Other types of magnesium include sulfate (commonly used in Epsom salts), citrate (often used for digestion), oxide (can help with heartburn), chloride (sometimes used for skin health), and hydroxide (known as Milk of Magnesia). Each variant has its own application.
Glycine, the smallest amino acid, is involved in collagen and elastin formation, bile acid support, and acts as a neurotransmitter in the central nervous system. Low levels of glycine may lead to growth issues and complications in the immune and nervous systems.
What are the benefits of taking magnesium glycinate?
Each type of magnesium serves a specific purpose, and magnesium glycinate is known for its unique set of benefits. According to Vincent Carrié, it may help with:
- PMS symptoms
- Muscle cramps
- Headaches or migraines
- Bone strength
- Maintaining healthy blood sugar
- Improved memory and concentration
What does magnesium glycinate do?
Magnesium plays a major role in energy production and supports various functions in the body. A deficiency is surprisingly common—about half of the U.S. population reportedly doesn't get enough of it.
Roughly 60% of the body's magnesium is stored in bones, while the rest is found in tissues and, in small amounts, the bloodstream. The mineral is essential for:
- Transforming food into usable energy
- Supporting the parathyroid glands, vital to bone health
The NHS recommends daily magnesium intakes of 300mg for men and 270mg for women between ages 19 and 64. Good sources from food include spinach, wholemeal bread, and nuts.
What’s the difference between magnesium and magnesium glycinate?
While “magnesium” can refer to several supplement forms, magnesium glycinate is a specific type. It’s an organic salt made by binding magnesium with glycine, whereas many common supplements—like magnesium oxide or hydroxide—are inorganic.
Vincent Carrié points out that although compounds like magnesium oxide contain more elemental magnesium, they may not be absorbed as efficiently as magnesium glycinate.
Magnesium and vitamin D
Magnesium glycinate doesn’t just help on its own. It also supports vitamin D metabolism. Without adequate magnesium, vitamin D can't be processed effectively in the body, diminishing its benefits.
One study found that people with better magnesium levels needed lower amounts of vitamin D supplements to reach sufficient status. A deficiency in either mineral may contribute to skeletal issues, cardiovascular conditions, or metabolic concerns.
Food sources high in magnesium include flaxseed, tofu, and almonds.
What are the best magnesium glycinate supplements?
If you're considering magnesium glycinate supplements, here are a few things to think about before picking one:
- Format: Prefer powder over tablets?
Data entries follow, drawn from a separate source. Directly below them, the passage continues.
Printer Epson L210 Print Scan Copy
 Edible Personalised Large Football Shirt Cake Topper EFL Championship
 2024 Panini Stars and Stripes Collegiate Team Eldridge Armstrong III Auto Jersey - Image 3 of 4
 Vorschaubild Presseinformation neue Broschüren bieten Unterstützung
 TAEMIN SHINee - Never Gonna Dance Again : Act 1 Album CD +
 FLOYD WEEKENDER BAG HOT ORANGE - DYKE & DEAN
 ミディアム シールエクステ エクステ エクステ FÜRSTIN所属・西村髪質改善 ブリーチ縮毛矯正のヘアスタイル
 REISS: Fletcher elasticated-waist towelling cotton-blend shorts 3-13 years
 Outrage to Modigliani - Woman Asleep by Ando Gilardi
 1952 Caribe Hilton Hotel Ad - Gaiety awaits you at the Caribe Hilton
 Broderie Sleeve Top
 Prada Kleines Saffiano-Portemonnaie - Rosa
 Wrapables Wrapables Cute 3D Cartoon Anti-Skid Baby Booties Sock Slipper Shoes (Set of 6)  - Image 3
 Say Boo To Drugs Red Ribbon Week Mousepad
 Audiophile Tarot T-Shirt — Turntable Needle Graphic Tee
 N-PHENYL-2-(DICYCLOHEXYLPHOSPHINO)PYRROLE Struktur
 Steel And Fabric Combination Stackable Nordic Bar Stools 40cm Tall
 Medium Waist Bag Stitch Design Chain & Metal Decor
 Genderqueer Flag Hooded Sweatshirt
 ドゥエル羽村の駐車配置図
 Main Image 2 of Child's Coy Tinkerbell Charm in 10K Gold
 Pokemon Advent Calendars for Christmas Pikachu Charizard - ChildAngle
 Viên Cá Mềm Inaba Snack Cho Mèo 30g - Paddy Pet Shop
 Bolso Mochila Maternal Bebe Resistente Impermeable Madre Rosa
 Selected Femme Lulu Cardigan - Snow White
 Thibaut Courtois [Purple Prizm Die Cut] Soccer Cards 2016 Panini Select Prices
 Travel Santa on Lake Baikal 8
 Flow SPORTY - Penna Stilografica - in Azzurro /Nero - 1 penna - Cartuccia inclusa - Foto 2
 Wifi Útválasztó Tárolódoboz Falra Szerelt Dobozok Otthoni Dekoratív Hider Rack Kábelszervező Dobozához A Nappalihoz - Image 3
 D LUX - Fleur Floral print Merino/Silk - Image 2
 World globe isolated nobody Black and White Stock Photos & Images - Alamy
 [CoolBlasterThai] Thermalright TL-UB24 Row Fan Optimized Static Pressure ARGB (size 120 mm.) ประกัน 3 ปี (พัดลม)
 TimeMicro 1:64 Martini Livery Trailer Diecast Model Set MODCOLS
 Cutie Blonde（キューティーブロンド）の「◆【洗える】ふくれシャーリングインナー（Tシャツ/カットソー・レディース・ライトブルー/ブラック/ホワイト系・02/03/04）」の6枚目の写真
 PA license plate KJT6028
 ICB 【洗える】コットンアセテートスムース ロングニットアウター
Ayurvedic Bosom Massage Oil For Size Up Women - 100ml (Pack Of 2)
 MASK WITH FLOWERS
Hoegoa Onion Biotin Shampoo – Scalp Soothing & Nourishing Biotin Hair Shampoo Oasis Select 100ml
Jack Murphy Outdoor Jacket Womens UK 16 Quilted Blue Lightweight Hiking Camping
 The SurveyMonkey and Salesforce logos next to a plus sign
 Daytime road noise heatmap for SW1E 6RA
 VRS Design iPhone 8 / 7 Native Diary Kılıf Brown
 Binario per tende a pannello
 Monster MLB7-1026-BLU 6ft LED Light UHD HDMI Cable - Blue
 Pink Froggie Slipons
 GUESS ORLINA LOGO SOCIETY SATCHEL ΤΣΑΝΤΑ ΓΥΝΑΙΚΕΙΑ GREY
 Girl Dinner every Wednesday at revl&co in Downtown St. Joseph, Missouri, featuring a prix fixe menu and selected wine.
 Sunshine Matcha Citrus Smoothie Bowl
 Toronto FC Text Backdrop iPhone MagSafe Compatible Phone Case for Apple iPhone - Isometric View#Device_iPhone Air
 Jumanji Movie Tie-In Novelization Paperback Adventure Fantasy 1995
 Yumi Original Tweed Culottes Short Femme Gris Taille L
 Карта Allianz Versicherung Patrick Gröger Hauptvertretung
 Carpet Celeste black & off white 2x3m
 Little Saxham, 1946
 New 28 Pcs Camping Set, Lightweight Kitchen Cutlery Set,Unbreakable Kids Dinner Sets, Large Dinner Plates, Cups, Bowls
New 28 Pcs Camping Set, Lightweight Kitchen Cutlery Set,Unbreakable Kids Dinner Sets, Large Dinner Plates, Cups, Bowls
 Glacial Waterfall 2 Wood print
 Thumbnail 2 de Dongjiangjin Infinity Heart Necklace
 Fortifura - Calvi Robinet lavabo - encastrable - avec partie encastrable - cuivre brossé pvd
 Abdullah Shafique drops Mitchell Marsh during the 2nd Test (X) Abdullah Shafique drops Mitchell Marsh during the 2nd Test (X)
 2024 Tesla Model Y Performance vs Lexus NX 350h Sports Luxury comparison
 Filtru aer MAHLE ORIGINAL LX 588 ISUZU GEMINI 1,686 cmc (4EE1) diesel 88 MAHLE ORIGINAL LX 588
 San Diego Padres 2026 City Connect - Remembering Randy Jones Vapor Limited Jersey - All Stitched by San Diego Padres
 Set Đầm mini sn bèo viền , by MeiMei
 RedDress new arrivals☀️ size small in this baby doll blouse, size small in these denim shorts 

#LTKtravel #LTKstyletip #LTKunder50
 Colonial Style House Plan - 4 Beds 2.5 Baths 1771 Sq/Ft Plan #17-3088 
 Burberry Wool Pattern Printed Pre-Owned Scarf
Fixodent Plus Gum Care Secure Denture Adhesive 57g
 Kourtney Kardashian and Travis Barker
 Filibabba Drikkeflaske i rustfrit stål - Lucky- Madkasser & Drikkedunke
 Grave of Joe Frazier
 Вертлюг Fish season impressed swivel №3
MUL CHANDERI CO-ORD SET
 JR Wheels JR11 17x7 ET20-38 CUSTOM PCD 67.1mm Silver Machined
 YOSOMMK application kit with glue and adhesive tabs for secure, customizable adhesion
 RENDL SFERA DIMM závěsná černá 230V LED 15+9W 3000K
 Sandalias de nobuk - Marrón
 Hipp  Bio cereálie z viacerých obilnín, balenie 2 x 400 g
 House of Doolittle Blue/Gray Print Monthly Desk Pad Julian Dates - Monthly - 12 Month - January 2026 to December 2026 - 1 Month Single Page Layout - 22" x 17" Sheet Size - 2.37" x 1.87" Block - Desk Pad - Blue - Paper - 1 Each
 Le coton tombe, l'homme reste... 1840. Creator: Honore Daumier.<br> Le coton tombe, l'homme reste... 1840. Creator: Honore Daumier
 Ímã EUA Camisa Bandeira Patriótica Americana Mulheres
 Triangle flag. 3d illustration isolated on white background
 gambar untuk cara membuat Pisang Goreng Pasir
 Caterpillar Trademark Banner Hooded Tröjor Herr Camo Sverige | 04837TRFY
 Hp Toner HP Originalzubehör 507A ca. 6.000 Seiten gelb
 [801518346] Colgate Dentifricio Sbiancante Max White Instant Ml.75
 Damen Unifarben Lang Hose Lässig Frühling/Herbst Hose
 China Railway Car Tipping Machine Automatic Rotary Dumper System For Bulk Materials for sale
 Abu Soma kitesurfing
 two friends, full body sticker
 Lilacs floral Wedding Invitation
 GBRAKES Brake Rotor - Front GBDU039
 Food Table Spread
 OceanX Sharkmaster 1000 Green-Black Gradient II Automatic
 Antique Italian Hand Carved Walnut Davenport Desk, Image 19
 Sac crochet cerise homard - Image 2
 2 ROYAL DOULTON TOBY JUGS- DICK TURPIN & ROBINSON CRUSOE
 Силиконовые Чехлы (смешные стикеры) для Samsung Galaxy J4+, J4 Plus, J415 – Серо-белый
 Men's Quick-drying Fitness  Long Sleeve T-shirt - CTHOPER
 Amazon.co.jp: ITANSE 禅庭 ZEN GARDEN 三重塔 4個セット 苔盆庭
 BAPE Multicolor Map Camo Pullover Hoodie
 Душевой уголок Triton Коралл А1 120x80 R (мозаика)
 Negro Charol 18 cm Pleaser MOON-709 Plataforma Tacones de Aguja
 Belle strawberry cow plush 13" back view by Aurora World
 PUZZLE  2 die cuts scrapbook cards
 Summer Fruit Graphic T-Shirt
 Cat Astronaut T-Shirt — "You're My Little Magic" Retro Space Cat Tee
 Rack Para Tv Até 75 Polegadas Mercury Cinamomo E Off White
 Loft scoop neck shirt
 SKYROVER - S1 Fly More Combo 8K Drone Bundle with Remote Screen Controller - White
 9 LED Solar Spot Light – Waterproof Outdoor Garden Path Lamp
You’ve got options.
- Dosage: New to magnesium? Start with a lower strength.
- Added nutrients: Some supplements combine magnesium with vitamin D, calcium, or zinc.
- Dietary needs: Make sure they're suitable if you’re vegan or gluten-free.
What magnesium glycinate side effects can happen after having too much?
Like most forms of magnesium, taking too much magnesium glycinate can cause digestive issues—nausea, vomiting, diarrhoea, or stomach cramps—because of its natural laxative effect.
Excessive magnesium might also lead to more serious symptoms: low blood pressure, drowsiness, muscle weakness, slowed breathing, and in extreme cases, it can be life-threatening.
People with kidney issues should only take magnesium under medical supervision. It can also interact with certain medications—including blood thinners and diabetes treatments—so give at least a two-hour gap between these and your magnesium dose.
Does magnesium glycinate help you poop?
It can. Magnesium, including magnesium glycinate, tends to draw water into your intestines. This added hydration can help move things along by softening the stool and triggering a bowel movement, making it easier to pass.
The final say
Magnesium glycinate is one type of a crucial mineral that supports many core functions—from energy conversion to bone maintenance. Vincent Carrié highlights its potential to help regulate blood sugar, promote cognitive health, and support overall wellbeing.
Disclaimer
This article is for informational purposes only and should not be taken as medical advice. Always speak with your doctor or healthcare provider before using supplements, especially if you have existing health conditions or are taking medication.